The Stages of Life According to Erikson

Erik Erikson, the accessible psychologist, child of Freud, conceived of an eight-layered schematic to illustrate the entirety of human development —  first marked out in his groundbreaking book, Childhood and Society. In this book, he maps out a continuum from birth to death of the struggles of human development. Even though they are not meant to be like a grocery list, I list them out here:

1. Trust and Mistrust  
The first stage begins at the moment the infant meets the outside social world for the first time. Our first experiences with the world forms the basic trust/mistrust dyad. It’s kind of like the father who tosses his daughter up in the air and catches her. Trust: he catches her safely. Drops her? Basic mistrust forms.
2. Autonomy and Guilt
The struggle between autonomy and guilt – that nasty fight between independence and the debilitating fear of the all-seeing eye that threatens to swallow you alive with its judgment, catapulting a person into shame and doubt.
3. Initiative and Guilt
Then, of course, there is the whole question, “what do I do with myself once I’ve achieved autonomy?” that either gets us going to self-actualization or we become mired in the things we should have done or said – in a word: guilt. 
4.Industry and Initiative
Every child has to learn what to create with their bodies after they’ve decided they can actually get off their haunches and express themselves – and added with that, the internal feeling of being loved and the inner worth that goes along with creating work worthy of pride.
5. Identity
You can have an identity, it seems, without struggling through those forgotten visceral experiences of infancy; adolescence merely pokes its ugly head in to confuse us all over again – and we thought the womb was tough.
6. Intimacy and Isolation
But once we get a firm grounding on who we are as individuals we can really enter into genuine intimacy with another, although rocking precariously with the threat of isolation; this is where boundaries are set and committed relationships begin.
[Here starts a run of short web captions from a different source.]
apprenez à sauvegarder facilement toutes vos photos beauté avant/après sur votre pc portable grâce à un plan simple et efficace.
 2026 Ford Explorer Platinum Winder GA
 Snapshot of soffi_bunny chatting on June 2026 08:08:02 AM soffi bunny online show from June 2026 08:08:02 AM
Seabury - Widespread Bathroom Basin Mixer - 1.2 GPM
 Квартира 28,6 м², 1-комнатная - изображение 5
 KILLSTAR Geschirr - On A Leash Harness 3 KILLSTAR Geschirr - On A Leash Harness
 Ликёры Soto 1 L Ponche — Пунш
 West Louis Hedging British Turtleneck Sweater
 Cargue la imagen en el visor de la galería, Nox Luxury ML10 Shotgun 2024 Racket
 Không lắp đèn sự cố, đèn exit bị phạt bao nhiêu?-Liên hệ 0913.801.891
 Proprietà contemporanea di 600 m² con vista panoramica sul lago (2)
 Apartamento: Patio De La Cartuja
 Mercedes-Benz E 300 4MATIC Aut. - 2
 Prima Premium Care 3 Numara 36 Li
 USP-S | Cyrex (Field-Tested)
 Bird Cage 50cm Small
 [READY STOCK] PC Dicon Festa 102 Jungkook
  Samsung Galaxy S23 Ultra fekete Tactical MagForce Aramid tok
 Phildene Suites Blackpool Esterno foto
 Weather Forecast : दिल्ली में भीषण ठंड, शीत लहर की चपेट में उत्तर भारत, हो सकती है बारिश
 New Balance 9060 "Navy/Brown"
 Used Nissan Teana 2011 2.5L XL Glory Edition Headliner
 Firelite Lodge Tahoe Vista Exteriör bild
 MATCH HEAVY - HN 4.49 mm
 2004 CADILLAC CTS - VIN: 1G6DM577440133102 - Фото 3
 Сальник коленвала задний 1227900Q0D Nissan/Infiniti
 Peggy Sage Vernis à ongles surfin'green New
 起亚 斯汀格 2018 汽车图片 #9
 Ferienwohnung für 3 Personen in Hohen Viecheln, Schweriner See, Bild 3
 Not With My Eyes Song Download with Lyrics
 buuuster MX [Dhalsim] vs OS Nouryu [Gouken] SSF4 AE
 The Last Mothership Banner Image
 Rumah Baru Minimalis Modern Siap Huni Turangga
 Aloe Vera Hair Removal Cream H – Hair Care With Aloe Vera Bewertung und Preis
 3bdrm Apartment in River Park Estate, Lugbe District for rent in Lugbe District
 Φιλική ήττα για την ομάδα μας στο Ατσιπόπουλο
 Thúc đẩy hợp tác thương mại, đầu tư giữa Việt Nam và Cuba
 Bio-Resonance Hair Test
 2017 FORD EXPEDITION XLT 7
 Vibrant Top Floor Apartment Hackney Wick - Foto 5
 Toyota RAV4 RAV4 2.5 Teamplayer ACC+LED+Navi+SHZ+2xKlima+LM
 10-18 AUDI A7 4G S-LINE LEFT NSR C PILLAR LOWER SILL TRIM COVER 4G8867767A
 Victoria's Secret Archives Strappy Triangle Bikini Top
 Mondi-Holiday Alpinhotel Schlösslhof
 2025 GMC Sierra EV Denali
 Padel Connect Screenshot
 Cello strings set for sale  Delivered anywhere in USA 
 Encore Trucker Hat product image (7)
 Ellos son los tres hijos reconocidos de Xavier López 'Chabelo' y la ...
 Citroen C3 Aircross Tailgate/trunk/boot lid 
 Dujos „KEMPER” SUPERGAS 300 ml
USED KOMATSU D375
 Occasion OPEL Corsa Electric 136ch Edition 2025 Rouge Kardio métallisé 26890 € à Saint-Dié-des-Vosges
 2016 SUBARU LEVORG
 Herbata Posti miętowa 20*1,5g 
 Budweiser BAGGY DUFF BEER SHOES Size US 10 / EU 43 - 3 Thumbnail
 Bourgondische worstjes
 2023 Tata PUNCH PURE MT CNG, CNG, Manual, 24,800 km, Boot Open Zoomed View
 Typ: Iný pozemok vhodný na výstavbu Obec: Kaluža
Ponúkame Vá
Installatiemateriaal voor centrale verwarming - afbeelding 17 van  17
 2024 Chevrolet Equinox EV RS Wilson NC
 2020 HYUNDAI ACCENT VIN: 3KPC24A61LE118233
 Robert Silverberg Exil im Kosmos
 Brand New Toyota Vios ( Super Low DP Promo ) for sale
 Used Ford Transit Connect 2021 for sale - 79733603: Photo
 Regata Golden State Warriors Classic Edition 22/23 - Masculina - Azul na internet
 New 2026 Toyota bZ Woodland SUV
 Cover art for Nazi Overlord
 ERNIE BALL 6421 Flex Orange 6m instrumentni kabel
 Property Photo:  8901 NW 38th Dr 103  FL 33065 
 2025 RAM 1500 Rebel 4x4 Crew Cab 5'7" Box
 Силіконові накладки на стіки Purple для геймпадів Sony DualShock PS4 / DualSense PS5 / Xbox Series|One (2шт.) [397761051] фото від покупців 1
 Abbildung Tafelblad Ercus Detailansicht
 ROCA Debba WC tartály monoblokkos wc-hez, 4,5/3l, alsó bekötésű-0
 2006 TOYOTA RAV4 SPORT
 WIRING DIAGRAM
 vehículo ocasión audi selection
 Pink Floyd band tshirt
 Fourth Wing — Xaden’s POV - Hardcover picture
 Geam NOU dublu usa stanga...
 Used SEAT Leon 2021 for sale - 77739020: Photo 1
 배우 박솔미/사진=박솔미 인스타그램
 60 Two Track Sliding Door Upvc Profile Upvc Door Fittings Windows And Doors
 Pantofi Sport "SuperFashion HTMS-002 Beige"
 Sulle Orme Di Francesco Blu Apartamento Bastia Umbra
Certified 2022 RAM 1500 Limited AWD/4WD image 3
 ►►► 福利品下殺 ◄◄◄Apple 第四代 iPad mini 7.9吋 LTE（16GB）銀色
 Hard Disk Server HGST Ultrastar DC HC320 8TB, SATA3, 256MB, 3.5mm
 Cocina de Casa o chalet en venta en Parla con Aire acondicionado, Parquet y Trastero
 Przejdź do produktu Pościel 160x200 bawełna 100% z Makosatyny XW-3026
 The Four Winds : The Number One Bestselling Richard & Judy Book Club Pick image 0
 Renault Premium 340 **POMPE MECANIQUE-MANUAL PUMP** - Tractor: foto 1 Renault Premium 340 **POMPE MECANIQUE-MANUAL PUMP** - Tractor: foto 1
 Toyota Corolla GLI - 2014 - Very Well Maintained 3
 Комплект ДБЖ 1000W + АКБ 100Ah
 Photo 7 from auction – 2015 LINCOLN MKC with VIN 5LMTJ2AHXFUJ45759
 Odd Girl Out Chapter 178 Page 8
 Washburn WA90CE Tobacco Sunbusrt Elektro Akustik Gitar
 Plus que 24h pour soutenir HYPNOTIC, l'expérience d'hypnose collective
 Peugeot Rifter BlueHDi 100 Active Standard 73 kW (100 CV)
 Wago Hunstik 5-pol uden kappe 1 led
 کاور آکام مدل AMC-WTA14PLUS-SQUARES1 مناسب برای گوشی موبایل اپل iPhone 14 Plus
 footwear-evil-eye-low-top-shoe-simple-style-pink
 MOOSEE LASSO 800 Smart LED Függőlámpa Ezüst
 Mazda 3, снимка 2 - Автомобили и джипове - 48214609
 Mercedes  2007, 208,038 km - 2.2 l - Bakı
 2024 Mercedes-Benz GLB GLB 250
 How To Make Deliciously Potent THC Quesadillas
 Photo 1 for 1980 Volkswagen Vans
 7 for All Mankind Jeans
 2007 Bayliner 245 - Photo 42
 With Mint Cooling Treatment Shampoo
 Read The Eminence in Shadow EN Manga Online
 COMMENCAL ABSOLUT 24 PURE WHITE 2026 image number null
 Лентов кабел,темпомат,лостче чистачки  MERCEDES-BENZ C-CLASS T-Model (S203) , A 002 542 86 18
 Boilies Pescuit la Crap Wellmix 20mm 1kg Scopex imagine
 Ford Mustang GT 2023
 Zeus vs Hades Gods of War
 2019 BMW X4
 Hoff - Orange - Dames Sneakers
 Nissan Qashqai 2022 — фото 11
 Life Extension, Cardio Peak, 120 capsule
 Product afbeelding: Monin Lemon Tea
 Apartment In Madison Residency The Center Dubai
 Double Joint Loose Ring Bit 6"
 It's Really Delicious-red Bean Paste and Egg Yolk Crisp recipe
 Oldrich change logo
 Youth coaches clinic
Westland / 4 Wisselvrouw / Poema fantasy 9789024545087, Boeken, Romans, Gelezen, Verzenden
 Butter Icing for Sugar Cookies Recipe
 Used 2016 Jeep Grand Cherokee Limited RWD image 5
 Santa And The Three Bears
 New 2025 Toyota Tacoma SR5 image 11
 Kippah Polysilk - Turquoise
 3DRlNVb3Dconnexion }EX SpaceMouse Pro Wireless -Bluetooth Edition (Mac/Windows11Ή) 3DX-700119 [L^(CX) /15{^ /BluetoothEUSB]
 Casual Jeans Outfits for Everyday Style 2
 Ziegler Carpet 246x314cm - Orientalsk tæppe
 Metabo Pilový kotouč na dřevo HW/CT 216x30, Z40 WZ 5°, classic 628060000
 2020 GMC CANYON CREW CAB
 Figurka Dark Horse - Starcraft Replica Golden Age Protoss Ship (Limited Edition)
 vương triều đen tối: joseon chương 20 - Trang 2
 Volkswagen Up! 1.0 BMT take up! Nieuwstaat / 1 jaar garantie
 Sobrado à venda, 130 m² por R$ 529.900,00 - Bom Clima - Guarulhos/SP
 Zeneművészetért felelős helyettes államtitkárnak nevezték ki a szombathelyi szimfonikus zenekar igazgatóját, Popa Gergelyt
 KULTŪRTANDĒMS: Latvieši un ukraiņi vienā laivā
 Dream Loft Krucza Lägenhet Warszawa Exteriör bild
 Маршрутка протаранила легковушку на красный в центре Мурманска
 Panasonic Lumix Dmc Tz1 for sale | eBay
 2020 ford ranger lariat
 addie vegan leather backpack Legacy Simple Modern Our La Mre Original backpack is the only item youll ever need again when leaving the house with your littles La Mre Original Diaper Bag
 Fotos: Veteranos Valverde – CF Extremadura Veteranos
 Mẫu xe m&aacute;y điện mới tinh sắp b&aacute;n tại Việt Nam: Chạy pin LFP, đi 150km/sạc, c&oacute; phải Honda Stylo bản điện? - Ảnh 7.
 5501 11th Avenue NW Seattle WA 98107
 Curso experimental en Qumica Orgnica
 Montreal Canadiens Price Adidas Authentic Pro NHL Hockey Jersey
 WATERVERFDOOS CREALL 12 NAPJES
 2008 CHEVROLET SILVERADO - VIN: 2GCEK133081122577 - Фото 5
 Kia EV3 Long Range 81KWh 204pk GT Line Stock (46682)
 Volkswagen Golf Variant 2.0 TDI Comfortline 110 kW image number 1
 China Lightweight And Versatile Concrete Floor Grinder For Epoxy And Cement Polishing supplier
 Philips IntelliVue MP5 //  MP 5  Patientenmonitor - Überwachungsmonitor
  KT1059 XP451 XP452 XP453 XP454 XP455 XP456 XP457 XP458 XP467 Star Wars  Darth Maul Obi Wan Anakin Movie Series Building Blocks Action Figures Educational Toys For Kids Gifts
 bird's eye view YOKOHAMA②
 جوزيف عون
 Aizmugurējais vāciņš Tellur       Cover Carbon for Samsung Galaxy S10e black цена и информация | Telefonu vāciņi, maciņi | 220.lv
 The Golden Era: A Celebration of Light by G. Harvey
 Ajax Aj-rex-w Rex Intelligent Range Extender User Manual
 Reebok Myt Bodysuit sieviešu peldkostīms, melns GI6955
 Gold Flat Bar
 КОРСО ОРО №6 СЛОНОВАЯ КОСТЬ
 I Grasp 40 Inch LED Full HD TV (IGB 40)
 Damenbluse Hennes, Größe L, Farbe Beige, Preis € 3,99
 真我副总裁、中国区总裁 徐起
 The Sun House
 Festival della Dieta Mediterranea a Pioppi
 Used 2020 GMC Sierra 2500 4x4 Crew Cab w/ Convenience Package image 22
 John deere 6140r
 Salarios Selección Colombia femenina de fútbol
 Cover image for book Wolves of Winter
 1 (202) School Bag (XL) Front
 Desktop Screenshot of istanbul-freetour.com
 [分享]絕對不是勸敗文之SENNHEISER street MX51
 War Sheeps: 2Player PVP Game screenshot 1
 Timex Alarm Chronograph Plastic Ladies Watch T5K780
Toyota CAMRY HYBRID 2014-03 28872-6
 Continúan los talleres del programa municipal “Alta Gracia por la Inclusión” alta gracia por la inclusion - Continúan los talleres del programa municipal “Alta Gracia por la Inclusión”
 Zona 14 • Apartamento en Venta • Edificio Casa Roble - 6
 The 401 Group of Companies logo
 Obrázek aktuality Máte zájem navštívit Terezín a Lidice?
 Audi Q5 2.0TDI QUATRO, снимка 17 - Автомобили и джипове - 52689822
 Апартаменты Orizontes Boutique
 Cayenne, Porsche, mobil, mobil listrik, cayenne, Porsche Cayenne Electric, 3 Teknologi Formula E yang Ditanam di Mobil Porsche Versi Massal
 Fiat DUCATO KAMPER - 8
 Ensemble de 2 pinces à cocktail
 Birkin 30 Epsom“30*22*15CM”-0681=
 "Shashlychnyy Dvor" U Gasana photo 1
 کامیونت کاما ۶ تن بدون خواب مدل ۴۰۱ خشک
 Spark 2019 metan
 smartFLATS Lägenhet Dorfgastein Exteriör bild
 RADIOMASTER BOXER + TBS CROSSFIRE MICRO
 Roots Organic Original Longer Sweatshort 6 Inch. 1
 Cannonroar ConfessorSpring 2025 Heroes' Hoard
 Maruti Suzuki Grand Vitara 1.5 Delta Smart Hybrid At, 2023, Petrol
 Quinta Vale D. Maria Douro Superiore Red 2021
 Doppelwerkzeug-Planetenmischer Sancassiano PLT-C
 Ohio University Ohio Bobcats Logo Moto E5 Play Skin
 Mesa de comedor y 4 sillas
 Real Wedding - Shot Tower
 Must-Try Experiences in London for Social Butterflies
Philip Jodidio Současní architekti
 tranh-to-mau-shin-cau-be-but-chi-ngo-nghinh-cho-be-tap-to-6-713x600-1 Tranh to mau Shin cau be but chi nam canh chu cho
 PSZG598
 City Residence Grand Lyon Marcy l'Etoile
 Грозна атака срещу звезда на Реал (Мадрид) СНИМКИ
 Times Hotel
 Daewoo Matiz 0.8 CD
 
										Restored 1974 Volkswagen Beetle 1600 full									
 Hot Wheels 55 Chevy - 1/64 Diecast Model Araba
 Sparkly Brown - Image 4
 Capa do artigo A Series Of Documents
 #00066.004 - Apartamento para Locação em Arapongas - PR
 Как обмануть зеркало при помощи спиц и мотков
7. Generativity versus Stagnation
  And once we accomplish these mile markers we feel we have to give something back; we feel mortality nipping at our heels and generativity rushes in as a contraposition to idle stagnation.
8. Coming to terms. Or not.
The final hurrah is accessing whether the whole thing was worth it from the womb to the final tomb. We struggle at this point in the journey between feeling satisfied that we have gained much from life and whether or not we have nurtured the seeds for our children’s children. If we feel we've failed, death is a painful process, and we sink into the depressing cavity of despair, hopelessly casting off any hopes for immortality.